Article summary of Stereotypes and prejudice create workplace discrimination by Fiske & Lee - 2008 - Chapter


Introduction

Discrimination at the workplace can occur in two ways. The first reflects negative affect, which can be blatant or subtle. The second type refers to gender stereotypes that limit women through descriptive and prescriptive stereotypes. Descriptive stereotypes are for stereotypes that declare women unfit for certain roles. Prescriptive stereotypes punish women who violate the descriptive stereotypes.

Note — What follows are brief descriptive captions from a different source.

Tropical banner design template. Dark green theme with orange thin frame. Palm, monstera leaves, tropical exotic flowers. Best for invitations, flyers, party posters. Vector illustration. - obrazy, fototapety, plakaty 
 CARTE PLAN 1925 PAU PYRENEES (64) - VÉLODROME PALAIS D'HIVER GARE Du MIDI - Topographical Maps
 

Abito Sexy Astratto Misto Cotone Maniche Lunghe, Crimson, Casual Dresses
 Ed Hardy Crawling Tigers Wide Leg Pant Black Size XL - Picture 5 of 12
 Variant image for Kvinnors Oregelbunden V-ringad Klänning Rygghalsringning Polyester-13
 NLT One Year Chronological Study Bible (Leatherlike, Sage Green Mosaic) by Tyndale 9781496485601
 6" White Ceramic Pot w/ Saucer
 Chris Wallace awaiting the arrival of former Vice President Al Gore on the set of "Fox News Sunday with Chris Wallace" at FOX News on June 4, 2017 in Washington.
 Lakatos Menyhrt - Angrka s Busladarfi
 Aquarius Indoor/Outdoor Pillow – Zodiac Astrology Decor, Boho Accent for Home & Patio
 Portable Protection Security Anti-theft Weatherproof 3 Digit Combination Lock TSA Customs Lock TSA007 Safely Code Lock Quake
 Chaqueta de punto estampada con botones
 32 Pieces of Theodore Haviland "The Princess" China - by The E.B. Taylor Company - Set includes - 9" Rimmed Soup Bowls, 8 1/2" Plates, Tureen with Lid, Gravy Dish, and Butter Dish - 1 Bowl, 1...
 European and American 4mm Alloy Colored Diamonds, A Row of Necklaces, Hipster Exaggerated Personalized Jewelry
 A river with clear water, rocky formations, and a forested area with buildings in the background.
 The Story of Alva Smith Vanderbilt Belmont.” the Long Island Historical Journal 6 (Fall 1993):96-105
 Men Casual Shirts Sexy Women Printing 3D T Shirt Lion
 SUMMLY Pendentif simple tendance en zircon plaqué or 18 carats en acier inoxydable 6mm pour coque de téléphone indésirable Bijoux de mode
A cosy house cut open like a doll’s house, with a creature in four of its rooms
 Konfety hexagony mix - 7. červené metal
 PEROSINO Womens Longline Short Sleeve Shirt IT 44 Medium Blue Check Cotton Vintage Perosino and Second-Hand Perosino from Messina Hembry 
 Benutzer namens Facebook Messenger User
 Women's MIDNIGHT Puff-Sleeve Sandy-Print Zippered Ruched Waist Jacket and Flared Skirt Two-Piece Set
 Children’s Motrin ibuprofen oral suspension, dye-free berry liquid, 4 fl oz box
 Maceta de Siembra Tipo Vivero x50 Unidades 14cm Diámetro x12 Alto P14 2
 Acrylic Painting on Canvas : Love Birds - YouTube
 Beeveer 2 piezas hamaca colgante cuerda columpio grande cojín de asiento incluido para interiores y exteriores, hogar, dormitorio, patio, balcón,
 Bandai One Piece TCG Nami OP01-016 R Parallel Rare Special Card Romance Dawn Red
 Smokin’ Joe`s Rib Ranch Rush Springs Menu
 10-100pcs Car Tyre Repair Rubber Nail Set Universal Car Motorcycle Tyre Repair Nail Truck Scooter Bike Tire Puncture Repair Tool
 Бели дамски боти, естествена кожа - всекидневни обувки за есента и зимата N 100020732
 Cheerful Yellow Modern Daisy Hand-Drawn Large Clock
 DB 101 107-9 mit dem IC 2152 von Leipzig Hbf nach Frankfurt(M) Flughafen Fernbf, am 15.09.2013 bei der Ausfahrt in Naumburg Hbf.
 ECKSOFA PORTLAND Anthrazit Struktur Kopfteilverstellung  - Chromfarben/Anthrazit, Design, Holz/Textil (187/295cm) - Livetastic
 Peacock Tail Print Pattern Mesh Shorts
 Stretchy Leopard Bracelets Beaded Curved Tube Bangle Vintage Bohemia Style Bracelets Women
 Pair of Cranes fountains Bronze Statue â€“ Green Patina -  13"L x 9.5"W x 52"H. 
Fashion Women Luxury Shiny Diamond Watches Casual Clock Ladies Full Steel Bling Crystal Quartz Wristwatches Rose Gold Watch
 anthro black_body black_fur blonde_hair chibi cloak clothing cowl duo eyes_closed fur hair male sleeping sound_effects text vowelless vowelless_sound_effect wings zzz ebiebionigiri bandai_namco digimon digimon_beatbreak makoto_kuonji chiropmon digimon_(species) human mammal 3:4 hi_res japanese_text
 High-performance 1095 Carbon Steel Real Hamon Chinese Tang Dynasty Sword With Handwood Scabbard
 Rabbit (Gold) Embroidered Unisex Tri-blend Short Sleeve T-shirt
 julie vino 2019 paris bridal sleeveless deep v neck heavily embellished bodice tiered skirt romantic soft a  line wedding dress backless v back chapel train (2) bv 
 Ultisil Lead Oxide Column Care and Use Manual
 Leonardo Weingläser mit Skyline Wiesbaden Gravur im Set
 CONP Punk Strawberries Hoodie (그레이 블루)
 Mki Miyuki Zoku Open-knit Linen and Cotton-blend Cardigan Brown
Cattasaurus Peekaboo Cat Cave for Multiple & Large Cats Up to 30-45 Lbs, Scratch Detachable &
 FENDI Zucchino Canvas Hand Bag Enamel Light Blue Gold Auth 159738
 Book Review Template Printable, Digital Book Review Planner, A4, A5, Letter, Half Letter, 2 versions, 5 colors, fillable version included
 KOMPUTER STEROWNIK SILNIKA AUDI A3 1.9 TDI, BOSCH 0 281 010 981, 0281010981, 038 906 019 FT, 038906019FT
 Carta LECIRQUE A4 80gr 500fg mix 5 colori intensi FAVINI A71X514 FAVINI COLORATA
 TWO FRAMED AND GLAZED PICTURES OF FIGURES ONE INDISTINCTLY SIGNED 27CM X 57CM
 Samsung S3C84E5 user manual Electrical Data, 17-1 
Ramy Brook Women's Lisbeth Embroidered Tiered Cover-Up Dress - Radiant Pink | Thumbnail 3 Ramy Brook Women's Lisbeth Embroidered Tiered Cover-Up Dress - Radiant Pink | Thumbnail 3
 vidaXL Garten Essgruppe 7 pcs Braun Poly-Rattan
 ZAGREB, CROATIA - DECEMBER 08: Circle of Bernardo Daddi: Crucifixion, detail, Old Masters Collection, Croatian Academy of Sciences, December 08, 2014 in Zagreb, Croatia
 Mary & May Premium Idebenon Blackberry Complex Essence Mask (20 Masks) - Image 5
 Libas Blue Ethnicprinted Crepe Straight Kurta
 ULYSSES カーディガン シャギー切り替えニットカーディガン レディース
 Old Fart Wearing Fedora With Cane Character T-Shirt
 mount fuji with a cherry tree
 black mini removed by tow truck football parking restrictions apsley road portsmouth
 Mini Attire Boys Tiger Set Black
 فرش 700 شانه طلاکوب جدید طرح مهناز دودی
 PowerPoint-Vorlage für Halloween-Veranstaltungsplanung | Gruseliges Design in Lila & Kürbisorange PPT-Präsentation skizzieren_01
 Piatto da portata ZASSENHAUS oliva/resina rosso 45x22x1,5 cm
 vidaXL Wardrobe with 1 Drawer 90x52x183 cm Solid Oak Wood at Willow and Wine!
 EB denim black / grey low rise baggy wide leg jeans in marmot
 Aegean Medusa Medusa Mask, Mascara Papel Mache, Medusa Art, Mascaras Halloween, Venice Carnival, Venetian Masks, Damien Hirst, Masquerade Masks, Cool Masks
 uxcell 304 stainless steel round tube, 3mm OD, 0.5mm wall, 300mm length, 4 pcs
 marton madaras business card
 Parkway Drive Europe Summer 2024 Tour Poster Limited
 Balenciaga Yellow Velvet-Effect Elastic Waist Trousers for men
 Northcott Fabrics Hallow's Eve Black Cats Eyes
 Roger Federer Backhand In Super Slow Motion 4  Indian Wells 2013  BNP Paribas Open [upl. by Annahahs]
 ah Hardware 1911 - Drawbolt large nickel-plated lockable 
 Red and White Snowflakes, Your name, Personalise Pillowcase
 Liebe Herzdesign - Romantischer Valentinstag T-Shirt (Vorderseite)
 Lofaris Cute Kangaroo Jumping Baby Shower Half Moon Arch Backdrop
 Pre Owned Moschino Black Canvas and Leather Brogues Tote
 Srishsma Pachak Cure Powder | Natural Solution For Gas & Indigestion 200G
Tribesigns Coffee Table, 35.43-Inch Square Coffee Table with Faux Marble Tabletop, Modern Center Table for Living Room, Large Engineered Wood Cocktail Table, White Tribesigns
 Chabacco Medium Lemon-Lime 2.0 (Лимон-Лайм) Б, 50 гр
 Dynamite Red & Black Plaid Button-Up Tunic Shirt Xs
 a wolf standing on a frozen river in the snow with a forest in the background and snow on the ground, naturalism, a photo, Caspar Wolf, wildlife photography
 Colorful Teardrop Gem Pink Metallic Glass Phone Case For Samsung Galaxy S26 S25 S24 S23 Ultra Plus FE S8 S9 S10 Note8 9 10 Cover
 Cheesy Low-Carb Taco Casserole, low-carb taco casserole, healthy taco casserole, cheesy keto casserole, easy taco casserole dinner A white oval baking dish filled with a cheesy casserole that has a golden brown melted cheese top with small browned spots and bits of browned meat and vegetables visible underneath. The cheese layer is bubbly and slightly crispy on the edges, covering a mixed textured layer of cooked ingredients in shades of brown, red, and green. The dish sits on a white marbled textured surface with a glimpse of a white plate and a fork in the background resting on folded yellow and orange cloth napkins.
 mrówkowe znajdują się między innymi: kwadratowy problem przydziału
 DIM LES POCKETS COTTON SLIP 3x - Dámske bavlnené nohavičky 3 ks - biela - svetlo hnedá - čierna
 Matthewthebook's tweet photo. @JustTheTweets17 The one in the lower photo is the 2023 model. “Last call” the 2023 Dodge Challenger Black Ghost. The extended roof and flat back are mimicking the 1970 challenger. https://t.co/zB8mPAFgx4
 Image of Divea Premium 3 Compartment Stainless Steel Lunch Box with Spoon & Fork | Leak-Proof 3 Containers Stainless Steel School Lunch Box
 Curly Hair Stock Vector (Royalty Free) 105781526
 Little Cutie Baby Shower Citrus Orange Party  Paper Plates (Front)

Background on intergroup perception

Stereotypes refer to the categorical association of traits, behaviors and roles that perceivers make to group members based on their group membership. Discrimination refers to behaviors that advantage one group over another. Prejudice refers to the affect as the result of intergroup perception.  These three intergroup-related phenomena interlock: the effects of stereotyping increase with prejudice, which means that prejudiced perceivers are much more likely to discriminate against negatively stereotyped groups.

How do stereotypes form?

The above mentioned intergroup phenomena are the result of categorization processes. According to the social identity theory, people conceptualize the self at different levels of abstraction that range from subordinate to superordinate, and within which the corresponding identity (personal, social or collective) is salient and is dictated by context. Thus, the person views the self as a member of an ingroup that is distinctive and more positive than outgroups. Self-categorization theory suggests that depersonalization creates group phenomena, including stereotyping and prejudice. There are two principles of self-categorization theory which guide intergroup perception: comparative fit (meta-contrast ratio) and the normative fit. The comparative fit refers to the ratio of the perceived average difference between target group members and outgroup members over the average difference among target group members. The smaller the ratio, the more the target group embodies a coherent unit. So, categorized groups minimize within-group differences and maximize between-group differences. Normative fit refers to that these differences (within and between), match up to the perceiver's beliefs about the group in that context, so that the group fits expectations or socially shared meanings of those groups. Stereotypes come into existence because of an interplay between comparative and normative fit. Comparative fit affects the degree of group differentiation, while normative fit affects the content of a group's meaning.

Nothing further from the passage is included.